THE UNIVERSAL ECONOMY UNIT III: SUMMER CAMP AND FIAT MONEY
Imagine boy scouts at summer camp. They are living in the “Buffalo” cabin and “Sam” is their adult troop leader. Camp is fun, but there is much to be done to ensure the cabin functions smoothly. Floors swept, beds made, trash carried out, bathroom cleaned, food prepared, dishes washed, fire wood split and so on. Sam spends lots of time cajoling the scouts to do their chores.
Tired of the “battle,” Sam decides to create a “money” system that allows his scouts to earn payment for doing their chores which can then be exchanged for things each boy wants. The cabin will be the “Nation of Buffalo” with a fiat currency called the “Dubin.” Sam will be the “Government”/ “Treasurer” that creates and signs the dubins (slips of paper) and “spends” them into circulation so the “citizens” have money and the nation can function.
Sam fears the boys may not take the dubin seriously, so he institutes a “national tax” which can only be paid in dubins. If the scouts wish to have free access to the whole cabin when indoors rather than being confined to their assigned bed and chair, they are required to pay the “government” one dubin per day. Only dubins will be accepted for tax payments so the boys must gain access to them.

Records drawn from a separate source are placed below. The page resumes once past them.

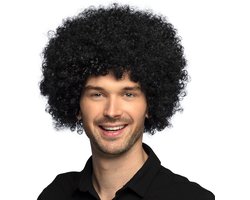 Boland - Pruik Groove zwart Zwart - Afro - Kort - Unisex - Danser/danseres - 70's, 80's & 90's - Disco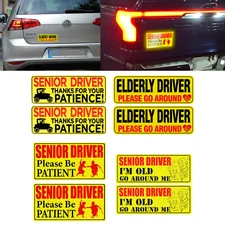 Elderly Driver Car Magnet Reflective Senior Driver Signs Bumper Sticker Yellow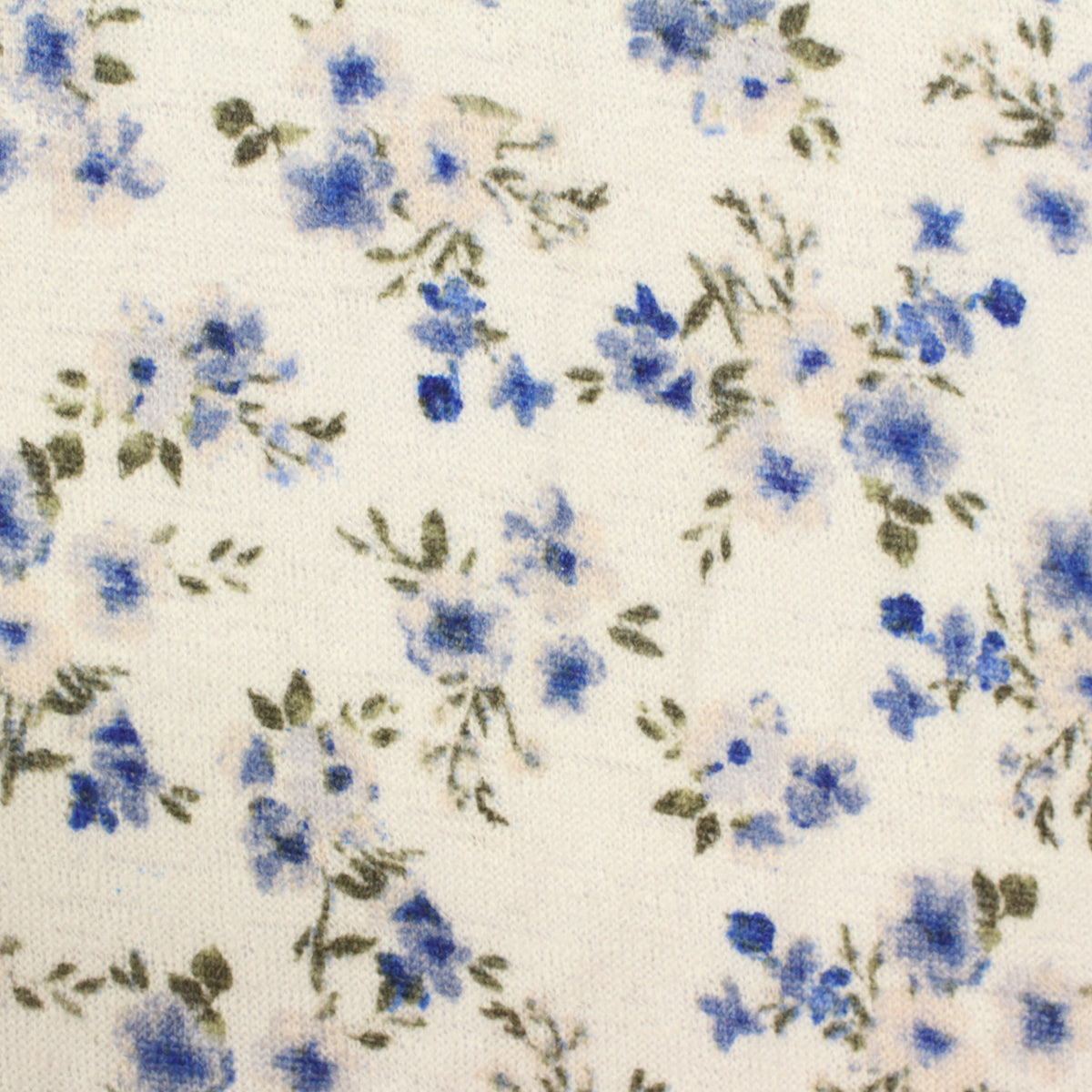 Blue Floral Knit, Polyester, 165 gsm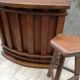 Bar and 2 brutalist stools in massive elm circa 1960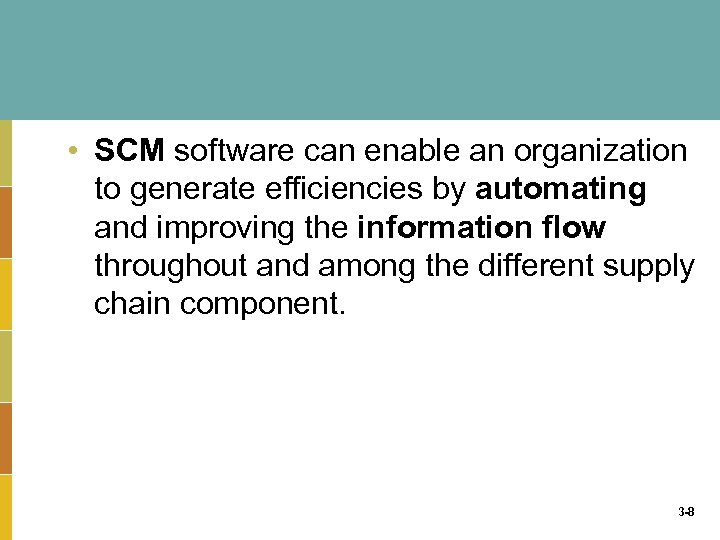  • SCM software can enable an organization to generate efficiencies by automating and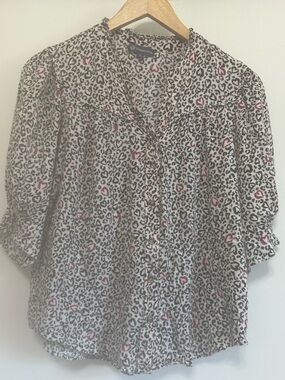 Democracy Cream Leopard Print Blouse with Pink Heart Accents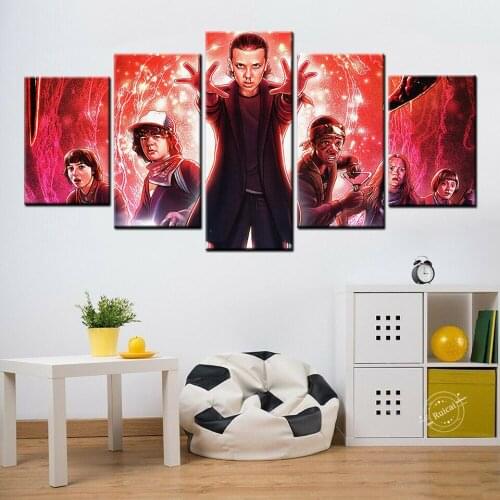 Stranger Things Movie Poster Wall Art Paint HD Print 5 Pcs Canvas Modular TV Play Character Pictures Home Decor Pintings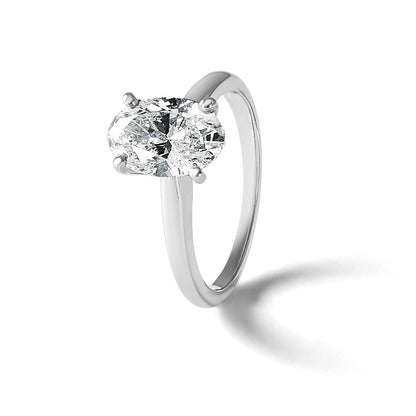 14K Weißgold 2 ct. Laborgezüchteter Diamant VS/SI+ G+ Oval-Solitär-Verlobungsring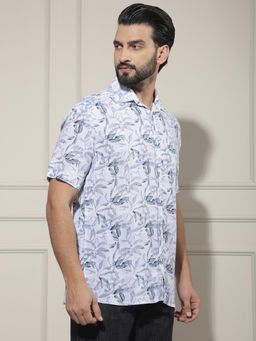 CRIMSOUNE CLUB - Men's White Floral Print Linen Shirt
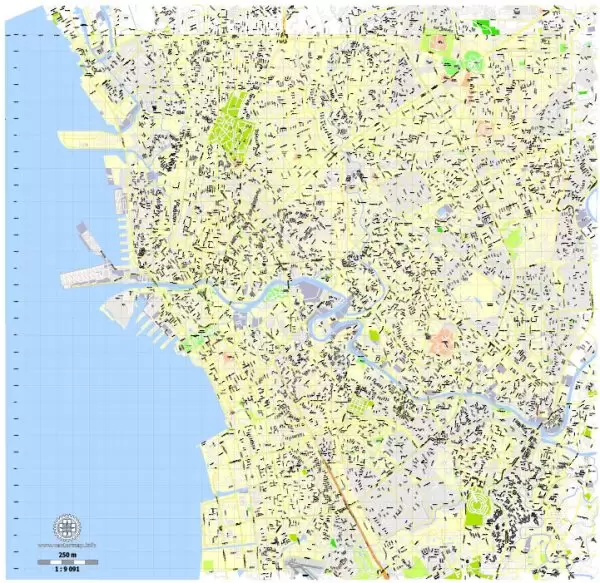 Printable Map Manila, Philippines, exact vector street City Plan map G-View Level 16 (250 meters), full editable, Adobe Illustrator, full vector, scalable, editable text format street names, 10 mb ZIP
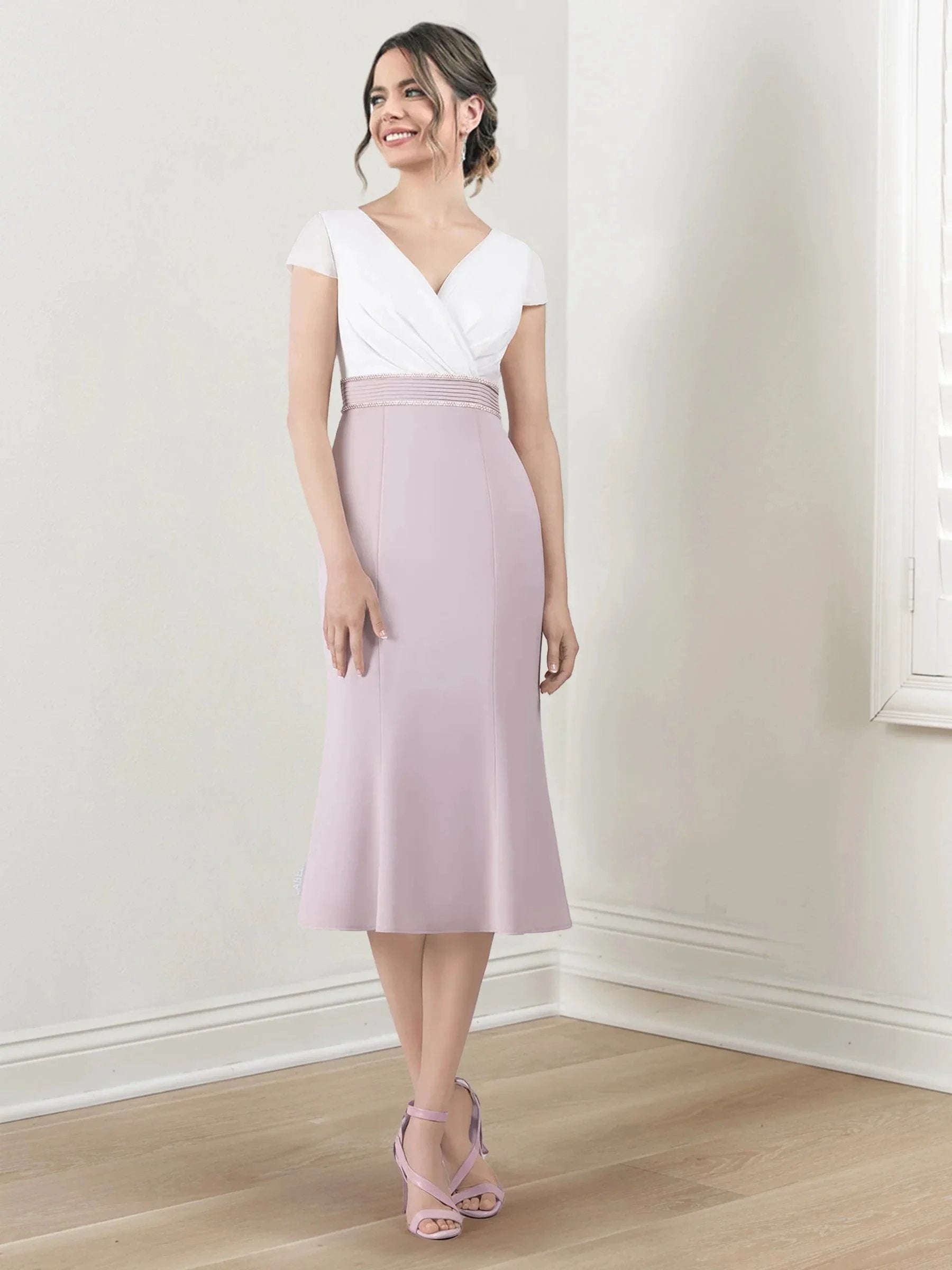 Sheath/Column V-Neck Tea-Length Mother of the Bride Dresses by Dreamylily
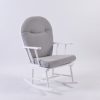 Gray upholstered adult rocking chair with comfortable padded seat and wooden rocking base
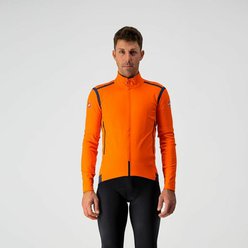 Pánska cyklistická bunda s odnímateľnými rukávmi CASTELLI PERFETTO RoS CONVERTIBLE Orange/Dark Steel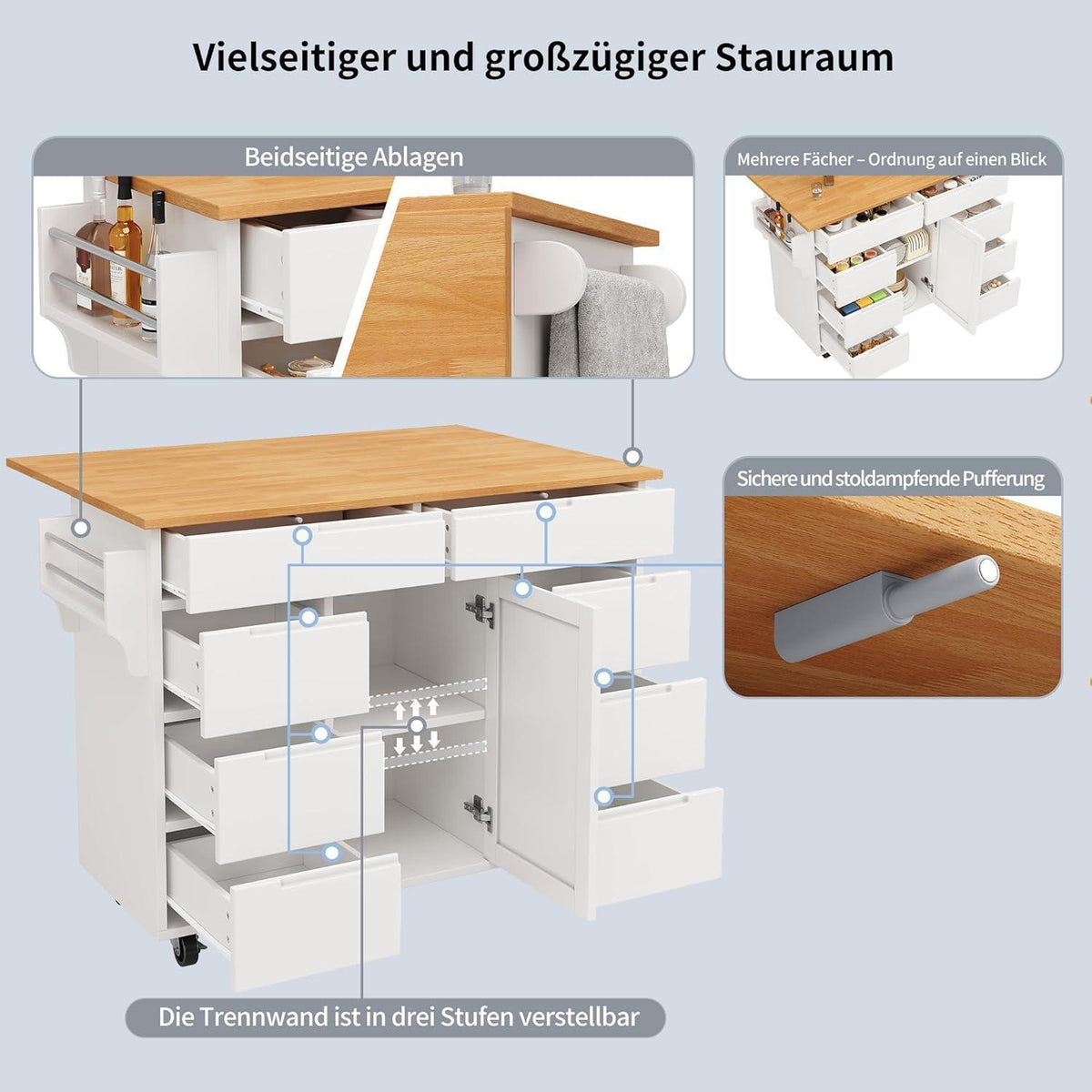 Moderne Kücheninsel mit Rollen & Schubladen (Weiß)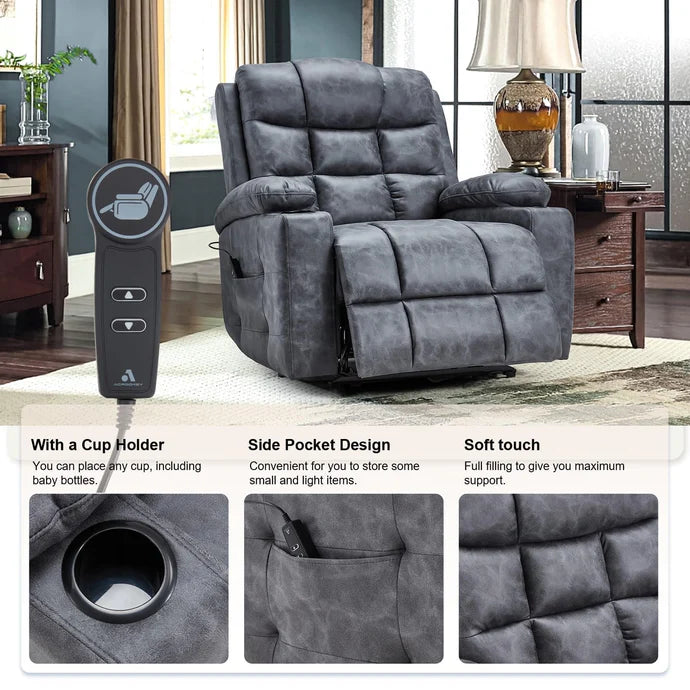 AECOJOY Electric Glider Recliner Nursery Chair with Lumbar Support, Cup Holders & Side Pockets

The economy of Buffalo begins operation. Obviously, nothing can happen until the government creates dubins and spends them into circulation by paying for the scout’s “services” (doing their chores). Only then will the boys be able to exchange dubins for candy bars, hot dogs, or among one another (private business) for the things they want. The government is also collecting the daily tax and the only way the boys will have this “money” is if the government has spent it into existence. Of course, if the government taxes as much as it spends – balances its budget – there will be no money in circulation and the Buffalonian economy will collapse. So, by definition, the government must operate in a “deficit.” Government deficit is private sector operating funds and savings.
Does it matter that the government of Buffalo is operating in a deficit? Of course not. It is the sovereign issuer of the nation’s currency and can create all the money it needs to pay the scouts for their services. Obviously, the government does not need to collect taxes to pay for its own operation. Taxes simply reinforce the legitimacy of the “Dubin” and dubins collected as taxes will be used to start fires in the wood stove.
So, the Buffalonians begin conducting “business” in dubins. Sam, the government, has assigned a value to the various chores and purchasable commodities. Carrying out the trash earns 2 dubins, washing the dishes 12, cleaning the bathroom 15 and so on. Candy bars cost 1 dubin, hot dogs 2, scrambled eggs and ham with fried potatoes 4, etc. The scouts initially agree to rotate the chores so for a while dubins are distributed equally.
All goes well but eventually the individual talents and preferences of the scouts create opportunities – and complications. Billy doesn’t mind washing dishes and Joe can tolerate cleaning the bathroom. The other scouts hate these tasks, so Billy and Joe take them over permanently. But these are the highest paid “jobs” in Buffalo and soon Billy and Joe have surplus dubins. Both have families coming to visit later in the summer and they are happy to have the extra “savings” so they can treat mom, dad, brothers and sisters, to good meals and treats (cake and ice cream is 4 dubins). However, they need to store their extra dubins somewhere. Joe has a lock box he brought to camp, but Billy (Billy is well like by the other scouts and because he is of Asian descent, they have affectionately nicknamed him “China”) decides to talk to Sam about safekeeping for his dubins.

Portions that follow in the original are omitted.